Sandra Oh stars as Dr. Ji-Yoon Kim who begins the series with a pep in her step as she has  been appointed chair of a prestigious college’s English department. The show might have the veneer of a “Downtown Abbey” or a “Crown” in its stateliness but it presents academia as a brutal game of dog-eat-dog in “Ozark” or “Breaking Bad” territory where everyone is incentivized to deliver Dr. Kim’s head on a platter.

Of course, anyone with a cursory familiarity with the current state of academia knows that it is ripe for this kind of high stakes drama. There's declining revenues for brick and mortar institutions, the struggle for liberal arts to compete with STEM disciplines for funding, vastly changing political and social mores (AKA the rise of cancel culture, more on that later), and the wasteful spending for athletics and extravagant architecture. These issues are interwoven into the drama as well as can be within a criminally short six-episode arc.

Like an Aaron Sorkin drama, everyone is articulate and well-poised because, hey, they’re English teachers.
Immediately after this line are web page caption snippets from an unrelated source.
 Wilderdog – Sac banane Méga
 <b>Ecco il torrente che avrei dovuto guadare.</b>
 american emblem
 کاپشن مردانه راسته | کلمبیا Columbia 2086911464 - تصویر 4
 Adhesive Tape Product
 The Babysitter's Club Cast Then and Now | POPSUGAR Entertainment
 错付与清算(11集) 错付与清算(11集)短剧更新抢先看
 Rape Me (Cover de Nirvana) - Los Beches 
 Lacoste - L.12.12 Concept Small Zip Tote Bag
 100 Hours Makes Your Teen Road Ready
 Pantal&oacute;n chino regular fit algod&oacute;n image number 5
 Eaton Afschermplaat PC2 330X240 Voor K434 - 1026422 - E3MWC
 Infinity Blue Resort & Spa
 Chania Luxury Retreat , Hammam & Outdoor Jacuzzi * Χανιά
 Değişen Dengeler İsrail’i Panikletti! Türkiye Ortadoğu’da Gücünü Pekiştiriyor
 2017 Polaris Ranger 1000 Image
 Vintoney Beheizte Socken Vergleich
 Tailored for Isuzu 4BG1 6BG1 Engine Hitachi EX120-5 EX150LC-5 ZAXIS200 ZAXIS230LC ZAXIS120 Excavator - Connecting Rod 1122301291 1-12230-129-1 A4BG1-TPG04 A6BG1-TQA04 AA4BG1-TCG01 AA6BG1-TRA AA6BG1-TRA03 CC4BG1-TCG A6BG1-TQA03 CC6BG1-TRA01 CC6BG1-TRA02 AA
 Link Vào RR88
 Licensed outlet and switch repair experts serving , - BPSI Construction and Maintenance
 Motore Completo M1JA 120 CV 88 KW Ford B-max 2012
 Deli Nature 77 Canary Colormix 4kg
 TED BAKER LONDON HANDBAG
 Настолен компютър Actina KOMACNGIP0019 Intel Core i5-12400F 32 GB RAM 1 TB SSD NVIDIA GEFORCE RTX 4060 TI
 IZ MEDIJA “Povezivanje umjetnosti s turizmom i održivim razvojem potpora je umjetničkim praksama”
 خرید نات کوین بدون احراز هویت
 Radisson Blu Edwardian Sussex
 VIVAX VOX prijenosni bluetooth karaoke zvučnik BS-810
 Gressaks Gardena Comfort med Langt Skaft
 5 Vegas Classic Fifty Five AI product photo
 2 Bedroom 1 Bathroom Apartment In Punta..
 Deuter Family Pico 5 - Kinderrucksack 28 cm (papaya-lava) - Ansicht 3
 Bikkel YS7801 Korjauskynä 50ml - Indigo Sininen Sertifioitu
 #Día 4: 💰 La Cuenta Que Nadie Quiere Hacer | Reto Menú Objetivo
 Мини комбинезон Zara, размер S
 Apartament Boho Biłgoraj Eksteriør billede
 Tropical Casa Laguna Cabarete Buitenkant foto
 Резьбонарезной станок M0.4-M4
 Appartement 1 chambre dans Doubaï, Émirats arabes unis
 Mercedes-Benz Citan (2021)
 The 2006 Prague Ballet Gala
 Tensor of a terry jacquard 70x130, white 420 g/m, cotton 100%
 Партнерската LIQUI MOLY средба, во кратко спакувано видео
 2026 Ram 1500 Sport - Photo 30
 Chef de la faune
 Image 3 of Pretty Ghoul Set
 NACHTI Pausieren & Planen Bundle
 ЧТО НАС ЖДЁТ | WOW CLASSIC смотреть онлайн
But there’s a clear exception out of the gate in the slovenly mess Bill Dobson (Jay Duplass). Dobson holds the distinction of being a popular author though he's still reeling from the death of his wife and he's barely holding it together. Think Robin Williams’ “Dead Poets Society” character if that character was drunkedly reciting odes while urinating into a trash can.

We also have a trio of old fogies who are in danger of being put to pasture by the Dean for drawing big salaries and not having high enrollments. None of them come off looking particularly capable and it's probably not coincidental that they are all white (believe me, there are plenty of boring old dinosaurs of all ages in academia). The ring master of this trio, Elliot Rentz (Bob Balaban) talks at three miles an hour and wears a bow tie and basically has a sign that says “I was last seen as cool 70 years ago.” He’s joined by a professor, Joan Hambling (Holland Taylor), whose flighty schemes and inability to connect to the internet bring a lot of comic mileage.

On the other end of the spectrum, there’s a young black professor who caters to student wokeness and short-attention spans, Yaz McKay (Nana Mensah). If you want your Moby Dick analysis filled with raps about the patriarchy, this is the class for you.

To some like me, “The Chair” might be guilty of perpetuating the oversimplification of portraying all white people as being deterrents to progress, and black people being breaths of fresh air. The pervading fear of death by cancel culture is also something that is dealt with in full force here among other issues. One scene, portraying a town hall between Dobson and several students to whom he accidentally caused offense, escalates into a full-on nightmare reminiscent of a twitter mob. That the discourse in that scene eventually becomes governed be whoever yells loudest is pretty brutal to watch.  

Similarly, others who place heavy emphasis on hierarchies of privilege as definitive of how to decipher society might be equally unsettled by seeing a protagonist defending the careers of the failing white side characters. If nothing else, there is plenty of merit to that argument from a capitalist perspective.

In other words, “The Chair” is an equal opportunity provoker and shows that are this intelligently provocative are rare. Whether the show paints one side of this divide with too broad of a stroke or not, the overriding takeaway of Dr. Kim fighting for everyone in her flock has a unifying quality that’s enough to get past any queasy scene.

If there’s one major shortfall in the series, it’s the running time. I’ve rarely seen it as my role to critique the length of a series but the running time of just six half-hour episodes simply undercooks nearly every major storyline.